Yep. Mine burns the same... the extra room is nice.... Looks like the purchasing dept needs some polishing....lol


----------



## cats49er (Jun 23, 2015)

I have a 60 deluxe and love it.I started out wanting a Lang 36,then after alittle research I decided to get a 48 deluxe.While I was waitingto fit it in the budget,I ran across a used 60 deluxe for quit bit less than a new 48 deluxe.I am totally amazed every time I cook on my Lang.The extra space gives you many more options .I like to give friends and family extra food as a gift or something extra to take home at Thanksgiving and Christmas. If you can swing the Lang it will last you a life time with reasonable care. Good luck


----------



## millerbuilds (Jun 23, 2015)

IMHO....No smoker is ever too big.  If you can afford it buy it.  I would love to have a Lang of that size, I have been known to have 2 units running and still not enough space.  The Lang's are very efficient once to temp.

Go for it!!!!
 

Smoke ON!


----------



## tennsmoker1 (Jun 30, 2015)

I have had my Lang 60 for a year now.

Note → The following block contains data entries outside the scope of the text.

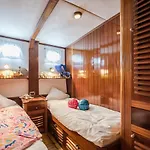 Spacious Yacht Hotel Barcelona City Center 5 Cabins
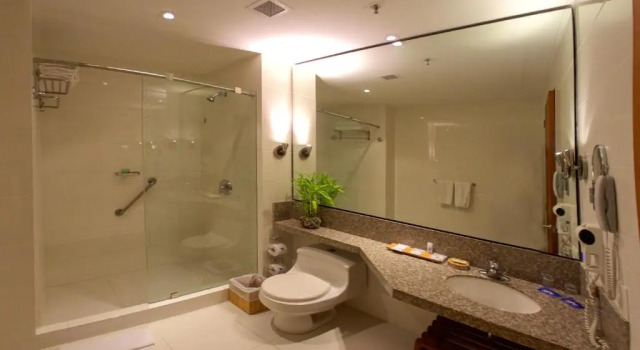Полулюкс GHL Hotel Grand Villavicencio
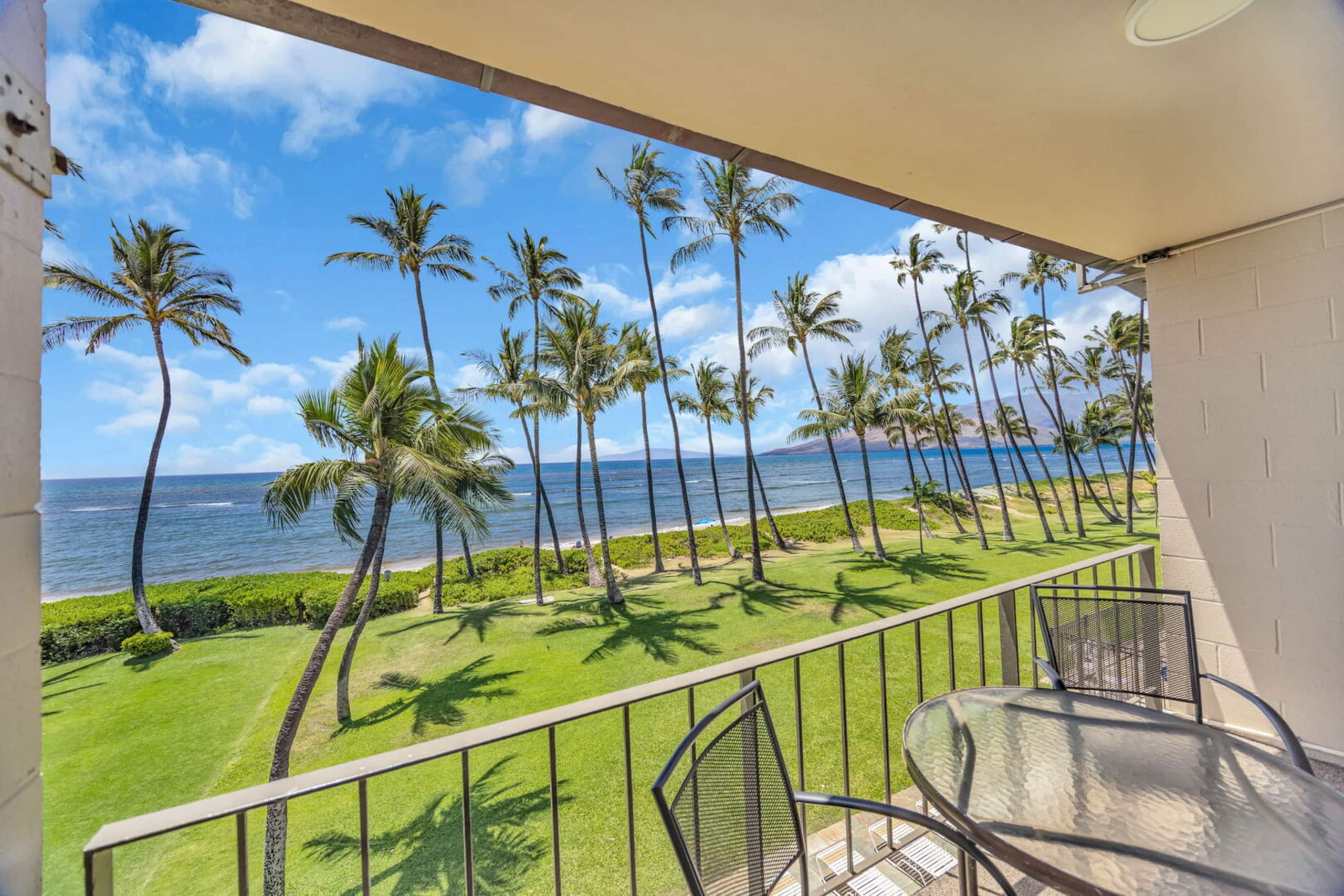 Condo in Kihei · ★4.33 · 1 bedroom · 2 beds · 1 bath - Image 16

Having alot of trouble holding temp. Have tried charcoal,wood,charcoal and wood . really have to babysit it for a long smoke. Also big variation in temperature inside the smoker. I'm talking 30-40 degrees.I have a patio 60 with mag wheels. This thing is awesome looking. All my buddies want it. However you might think about a gravity smoker if you don't have a lot of time to sit and watch. I'm not giving up yet though!


----------



## cats49er (Jul 16, 2015)

Tennsmoker1 there is a good post on the Lang site forum under the Techniques heading.The post I'm speaking of is titled " finally discovery a method that works ".http://lang.myfreeforum.org/about766.html   Read this and maybe it will help.I tried it and it works.I've only used it cooking at 300 to 325 temp but was impressed.Will be giving it a try soon at lower temps. Hope this helps


----------